◆ MATERIAL PROVIDED
Segment Open

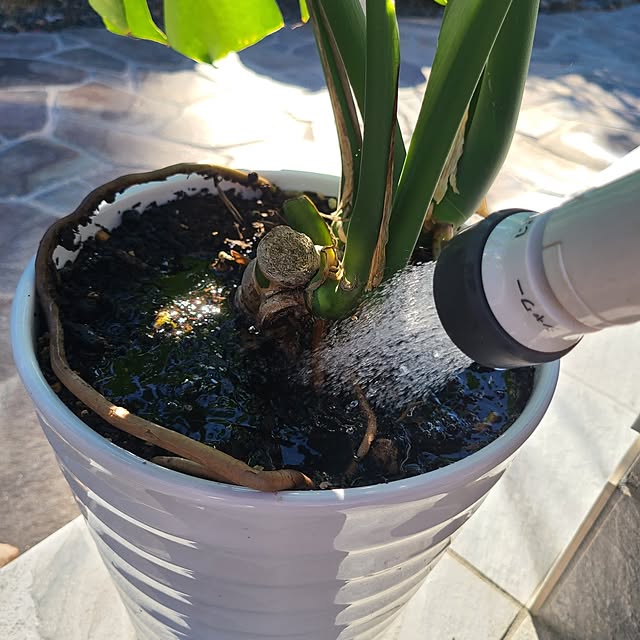 Rubiconさんの部屋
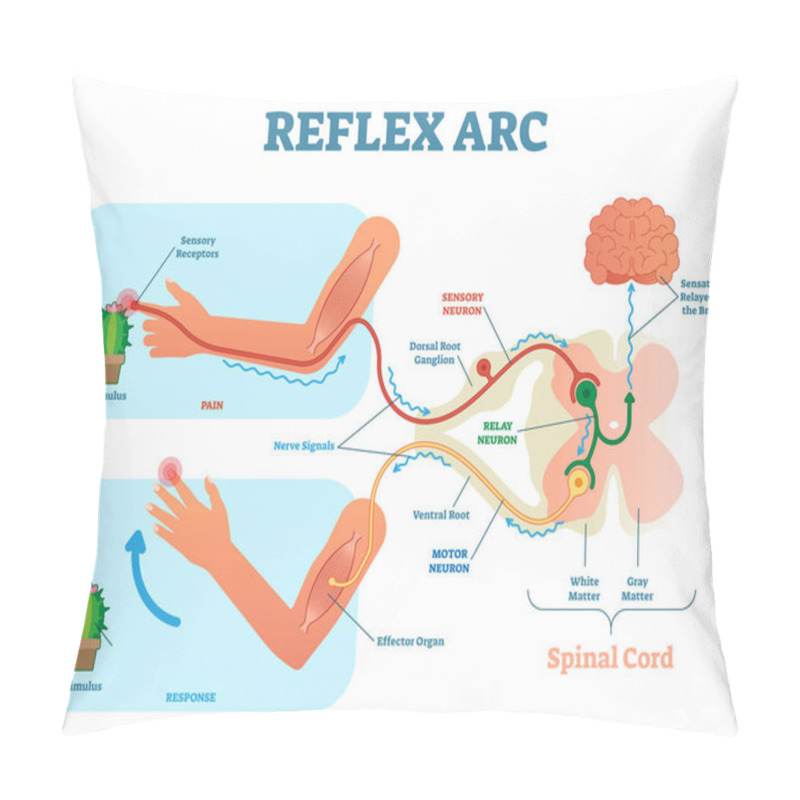 Personality  Spinal Reflex Arc Anatomical Scheme, Vector Illustration, With Spinal Cord, Stimulus Pathway To The Sensory Neuron, Relay Neuron, Motor Neuron And Muscle Tissue.  Pillow Covers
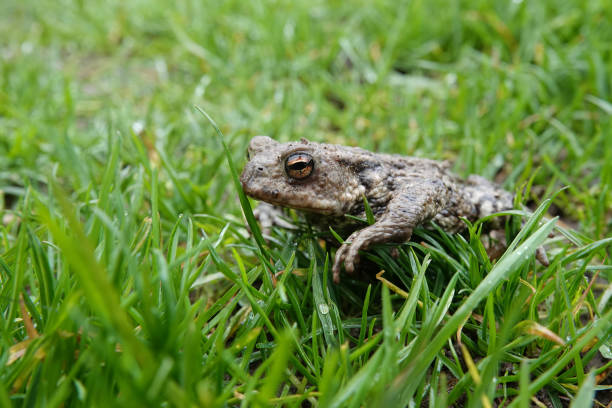 Closeup on a female European common toad, Bufo bufo sitting on the ground and grass in the garden in rainy weather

Segment Closed

◆ YOUR OBJECTIVE
Reproduce the full listing above verbatim, with no pictures included.

◆ RESPONSE FOR THIS EXERCISE
 Rubiconさんの部屋
 Personality  Spinal Reflex Arc Anatomical Scheme, Vector Illustration, With Spinal Cord, Stimulus Pathway To The Sensory Neuron, Relay Neuron, Motor Neuron And Muscle Tissue.  Pillow Covers
 Closeup on a female European common toad, Bufo bufo sitting on the ground and grass in the garden in rainy weather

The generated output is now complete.